> [Supplied entries]:

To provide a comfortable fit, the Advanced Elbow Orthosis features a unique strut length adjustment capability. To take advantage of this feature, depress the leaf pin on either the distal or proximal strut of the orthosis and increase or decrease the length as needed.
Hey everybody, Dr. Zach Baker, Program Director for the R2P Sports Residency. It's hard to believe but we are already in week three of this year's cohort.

...

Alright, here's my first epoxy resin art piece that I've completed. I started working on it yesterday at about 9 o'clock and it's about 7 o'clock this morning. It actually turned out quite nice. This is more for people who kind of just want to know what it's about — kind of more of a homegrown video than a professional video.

==

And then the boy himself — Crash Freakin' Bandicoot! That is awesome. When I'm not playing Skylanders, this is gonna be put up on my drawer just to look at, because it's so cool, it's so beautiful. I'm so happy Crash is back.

> [What this task involves]:
Please, from the material above, copy only the lines from the line with "To provide a" up to and including the line with "Hey everybody, Dr.", exactly as written.

> [Solution to this exercise]:
To provide a comfortable fit, the Advanced Elbow Orthosis features a unique strut length adjustment capability. To take advantage of this feature, depress the leaf pin on either the distal or proximal strut of the orthosis and increase or decrease the length as needed.
Hey everybody, Dr. Zach Baker, Program Director for the R2P Sports Residency. It's hard to believe but we are already in week three of this year's cohort.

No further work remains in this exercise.